Your task ▸ Wherever "градиентным" turns up in a line of the entries below, that line counts. Say how many such lines there are, with no other words.

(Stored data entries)
□ □ □ □ □

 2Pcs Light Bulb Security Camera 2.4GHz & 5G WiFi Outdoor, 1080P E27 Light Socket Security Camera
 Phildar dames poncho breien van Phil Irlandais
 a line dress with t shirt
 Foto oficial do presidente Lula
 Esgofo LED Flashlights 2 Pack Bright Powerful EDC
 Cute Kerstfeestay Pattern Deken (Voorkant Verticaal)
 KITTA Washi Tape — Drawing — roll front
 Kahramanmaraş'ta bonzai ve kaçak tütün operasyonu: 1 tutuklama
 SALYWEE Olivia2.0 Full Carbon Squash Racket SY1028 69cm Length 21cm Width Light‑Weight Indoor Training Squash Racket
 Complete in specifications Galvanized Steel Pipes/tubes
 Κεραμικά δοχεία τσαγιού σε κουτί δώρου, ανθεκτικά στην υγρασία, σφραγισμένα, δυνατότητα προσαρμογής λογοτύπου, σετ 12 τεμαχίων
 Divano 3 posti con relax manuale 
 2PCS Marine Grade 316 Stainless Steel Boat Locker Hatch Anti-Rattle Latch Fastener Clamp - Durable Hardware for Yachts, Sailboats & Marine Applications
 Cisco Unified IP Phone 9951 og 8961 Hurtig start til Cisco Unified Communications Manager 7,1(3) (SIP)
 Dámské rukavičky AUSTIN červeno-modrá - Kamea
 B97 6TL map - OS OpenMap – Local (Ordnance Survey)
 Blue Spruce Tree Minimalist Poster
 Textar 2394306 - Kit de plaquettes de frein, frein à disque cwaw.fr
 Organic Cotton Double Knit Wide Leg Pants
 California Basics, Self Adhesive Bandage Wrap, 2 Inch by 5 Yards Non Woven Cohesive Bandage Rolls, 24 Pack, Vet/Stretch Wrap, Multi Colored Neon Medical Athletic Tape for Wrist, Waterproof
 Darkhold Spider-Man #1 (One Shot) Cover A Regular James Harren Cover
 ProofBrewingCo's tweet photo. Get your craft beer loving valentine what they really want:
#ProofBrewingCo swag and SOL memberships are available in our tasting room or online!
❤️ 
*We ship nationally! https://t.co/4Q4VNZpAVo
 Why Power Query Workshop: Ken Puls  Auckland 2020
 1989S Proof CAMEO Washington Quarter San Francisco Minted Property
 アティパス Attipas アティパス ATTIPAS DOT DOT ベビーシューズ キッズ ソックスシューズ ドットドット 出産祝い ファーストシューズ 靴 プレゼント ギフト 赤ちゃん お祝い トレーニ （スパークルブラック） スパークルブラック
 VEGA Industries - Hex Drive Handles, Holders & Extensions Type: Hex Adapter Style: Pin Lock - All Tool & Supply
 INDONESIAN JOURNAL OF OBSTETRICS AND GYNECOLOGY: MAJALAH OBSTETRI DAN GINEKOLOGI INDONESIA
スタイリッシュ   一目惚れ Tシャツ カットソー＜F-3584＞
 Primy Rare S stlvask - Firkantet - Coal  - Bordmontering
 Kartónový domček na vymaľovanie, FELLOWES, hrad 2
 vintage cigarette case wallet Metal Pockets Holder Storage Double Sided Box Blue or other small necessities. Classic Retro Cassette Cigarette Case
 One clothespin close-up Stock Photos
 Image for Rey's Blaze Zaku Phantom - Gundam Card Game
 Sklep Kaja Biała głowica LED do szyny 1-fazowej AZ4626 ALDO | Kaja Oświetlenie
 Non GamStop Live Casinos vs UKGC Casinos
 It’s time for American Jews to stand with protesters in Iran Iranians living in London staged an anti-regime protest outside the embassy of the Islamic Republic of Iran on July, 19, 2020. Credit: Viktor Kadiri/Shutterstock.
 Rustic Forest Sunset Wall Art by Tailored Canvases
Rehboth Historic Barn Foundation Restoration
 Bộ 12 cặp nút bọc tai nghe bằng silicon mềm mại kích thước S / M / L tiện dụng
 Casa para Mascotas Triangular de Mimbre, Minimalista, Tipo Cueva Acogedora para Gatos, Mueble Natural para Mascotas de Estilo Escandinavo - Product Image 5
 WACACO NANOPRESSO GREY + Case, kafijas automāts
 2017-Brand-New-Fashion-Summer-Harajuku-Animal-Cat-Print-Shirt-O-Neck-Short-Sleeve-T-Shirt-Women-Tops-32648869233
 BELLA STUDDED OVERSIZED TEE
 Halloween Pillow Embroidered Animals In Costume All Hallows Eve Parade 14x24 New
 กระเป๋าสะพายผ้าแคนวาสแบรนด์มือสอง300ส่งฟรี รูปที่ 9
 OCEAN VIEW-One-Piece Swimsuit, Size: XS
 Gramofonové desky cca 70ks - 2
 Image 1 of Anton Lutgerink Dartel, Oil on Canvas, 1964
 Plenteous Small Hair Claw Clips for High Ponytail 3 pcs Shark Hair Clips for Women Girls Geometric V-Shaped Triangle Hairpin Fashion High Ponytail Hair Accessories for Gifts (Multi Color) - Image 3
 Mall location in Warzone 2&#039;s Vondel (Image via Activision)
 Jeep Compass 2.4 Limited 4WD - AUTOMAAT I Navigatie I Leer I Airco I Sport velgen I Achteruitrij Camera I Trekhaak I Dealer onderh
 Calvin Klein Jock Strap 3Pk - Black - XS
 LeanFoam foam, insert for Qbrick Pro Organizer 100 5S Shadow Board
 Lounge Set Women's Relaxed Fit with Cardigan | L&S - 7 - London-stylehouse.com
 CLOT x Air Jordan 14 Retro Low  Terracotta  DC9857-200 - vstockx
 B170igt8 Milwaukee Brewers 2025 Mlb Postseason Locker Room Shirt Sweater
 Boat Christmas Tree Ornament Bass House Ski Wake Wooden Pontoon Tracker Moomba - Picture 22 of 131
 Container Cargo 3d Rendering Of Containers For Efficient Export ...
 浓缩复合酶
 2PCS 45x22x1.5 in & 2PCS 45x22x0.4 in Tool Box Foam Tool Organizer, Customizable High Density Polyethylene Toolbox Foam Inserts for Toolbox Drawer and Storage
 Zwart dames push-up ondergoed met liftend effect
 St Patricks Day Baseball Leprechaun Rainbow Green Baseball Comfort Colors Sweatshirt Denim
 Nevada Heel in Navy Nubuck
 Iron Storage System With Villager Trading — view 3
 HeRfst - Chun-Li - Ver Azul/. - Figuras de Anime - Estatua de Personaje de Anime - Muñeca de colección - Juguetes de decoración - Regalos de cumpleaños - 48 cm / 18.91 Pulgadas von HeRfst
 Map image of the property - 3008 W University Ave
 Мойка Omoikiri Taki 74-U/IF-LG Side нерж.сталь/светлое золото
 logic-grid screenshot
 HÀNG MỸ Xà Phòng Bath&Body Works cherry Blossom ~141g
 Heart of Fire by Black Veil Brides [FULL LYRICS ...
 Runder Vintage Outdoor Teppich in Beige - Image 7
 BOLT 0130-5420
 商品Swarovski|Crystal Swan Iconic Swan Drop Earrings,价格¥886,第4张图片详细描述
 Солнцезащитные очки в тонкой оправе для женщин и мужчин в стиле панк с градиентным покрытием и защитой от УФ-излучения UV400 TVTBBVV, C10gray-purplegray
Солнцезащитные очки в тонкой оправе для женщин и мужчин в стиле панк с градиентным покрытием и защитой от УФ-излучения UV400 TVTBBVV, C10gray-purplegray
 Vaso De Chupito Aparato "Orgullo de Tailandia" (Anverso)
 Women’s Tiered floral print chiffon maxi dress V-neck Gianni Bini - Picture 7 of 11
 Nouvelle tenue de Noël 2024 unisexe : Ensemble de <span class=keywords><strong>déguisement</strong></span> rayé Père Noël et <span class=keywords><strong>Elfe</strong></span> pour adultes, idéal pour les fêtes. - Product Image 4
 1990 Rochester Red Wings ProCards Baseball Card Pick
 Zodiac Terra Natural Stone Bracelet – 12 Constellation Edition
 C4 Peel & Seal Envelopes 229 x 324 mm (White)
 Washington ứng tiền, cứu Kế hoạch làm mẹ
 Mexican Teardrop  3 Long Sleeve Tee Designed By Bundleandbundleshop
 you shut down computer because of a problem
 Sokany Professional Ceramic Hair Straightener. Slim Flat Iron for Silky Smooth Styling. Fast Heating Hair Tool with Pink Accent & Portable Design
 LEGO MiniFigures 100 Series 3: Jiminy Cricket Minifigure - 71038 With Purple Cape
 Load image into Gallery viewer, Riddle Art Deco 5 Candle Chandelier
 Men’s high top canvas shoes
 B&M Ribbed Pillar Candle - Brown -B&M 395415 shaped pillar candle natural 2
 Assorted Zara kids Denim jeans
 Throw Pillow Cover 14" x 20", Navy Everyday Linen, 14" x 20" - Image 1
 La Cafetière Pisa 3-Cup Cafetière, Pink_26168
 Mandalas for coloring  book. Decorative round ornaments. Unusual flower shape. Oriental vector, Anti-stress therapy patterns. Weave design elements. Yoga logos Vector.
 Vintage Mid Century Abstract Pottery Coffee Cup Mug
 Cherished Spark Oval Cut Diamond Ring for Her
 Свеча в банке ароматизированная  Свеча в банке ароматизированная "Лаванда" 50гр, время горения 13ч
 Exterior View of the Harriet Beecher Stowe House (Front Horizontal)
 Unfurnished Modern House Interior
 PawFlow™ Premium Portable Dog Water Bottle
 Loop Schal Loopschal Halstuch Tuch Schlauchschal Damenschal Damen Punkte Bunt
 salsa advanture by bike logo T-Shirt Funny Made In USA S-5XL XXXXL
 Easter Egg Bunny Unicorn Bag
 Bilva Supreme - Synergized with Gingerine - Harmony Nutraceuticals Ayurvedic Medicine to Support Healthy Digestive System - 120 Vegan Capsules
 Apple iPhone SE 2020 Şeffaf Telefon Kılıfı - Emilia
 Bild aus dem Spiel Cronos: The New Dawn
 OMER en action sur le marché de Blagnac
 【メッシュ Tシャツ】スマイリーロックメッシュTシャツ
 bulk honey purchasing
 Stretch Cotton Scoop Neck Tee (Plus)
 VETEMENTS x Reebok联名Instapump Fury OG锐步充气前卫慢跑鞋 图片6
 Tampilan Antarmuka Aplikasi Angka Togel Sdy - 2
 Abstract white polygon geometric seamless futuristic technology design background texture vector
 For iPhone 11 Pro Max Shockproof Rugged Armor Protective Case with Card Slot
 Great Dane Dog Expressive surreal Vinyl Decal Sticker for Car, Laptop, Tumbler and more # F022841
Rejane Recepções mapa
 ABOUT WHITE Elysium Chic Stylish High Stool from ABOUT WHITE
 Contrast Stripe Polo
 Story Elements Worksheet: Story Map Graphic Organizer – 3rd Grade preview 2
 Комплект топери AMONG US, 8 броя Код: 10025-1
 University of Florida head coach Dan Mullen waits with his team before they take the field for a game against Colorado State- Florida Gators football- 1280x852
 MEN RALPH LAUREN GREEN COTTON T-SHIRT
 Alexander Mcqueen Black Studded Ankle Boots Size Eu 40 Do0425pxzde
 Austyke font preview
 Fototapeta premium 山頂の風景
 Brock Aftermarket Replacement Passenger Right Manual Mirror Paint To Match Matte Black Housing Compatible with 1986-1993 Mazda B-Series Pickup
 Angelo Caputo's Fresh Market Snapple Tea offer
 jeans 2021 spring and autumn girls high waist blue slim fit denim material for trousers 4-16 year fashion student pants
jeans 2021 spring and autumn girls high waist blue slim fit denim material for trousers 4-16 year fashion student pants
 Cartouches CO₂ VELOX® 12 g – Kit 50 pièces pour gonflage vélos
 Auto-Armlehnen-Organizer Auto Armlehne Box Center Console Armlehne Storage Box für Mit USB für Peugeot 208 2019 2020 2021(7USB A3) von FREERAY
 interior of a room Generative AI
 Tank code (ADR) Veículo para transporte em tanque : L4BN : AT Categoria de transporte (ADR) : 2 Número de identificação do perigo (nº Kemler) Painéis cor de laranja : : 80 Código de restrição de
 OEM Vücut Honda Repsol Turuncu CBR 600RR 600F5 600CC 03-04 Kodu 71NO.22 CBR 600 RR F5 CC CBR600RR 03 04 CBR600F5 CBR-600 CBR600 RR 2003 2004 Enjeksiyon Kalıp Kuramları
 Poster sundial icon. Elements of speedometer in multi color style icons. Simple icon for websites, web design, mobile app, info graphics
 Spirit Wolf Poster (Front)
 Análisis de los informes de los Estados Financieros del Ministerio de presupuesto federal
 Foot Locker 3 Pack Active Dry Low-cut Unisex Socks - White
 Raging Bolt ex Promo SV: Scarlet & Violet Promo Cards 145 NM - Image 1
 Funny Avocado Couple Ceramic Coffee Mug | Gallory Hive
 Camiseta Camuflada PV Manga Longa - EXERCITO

□ □ □ □ □

Response area ▸ 2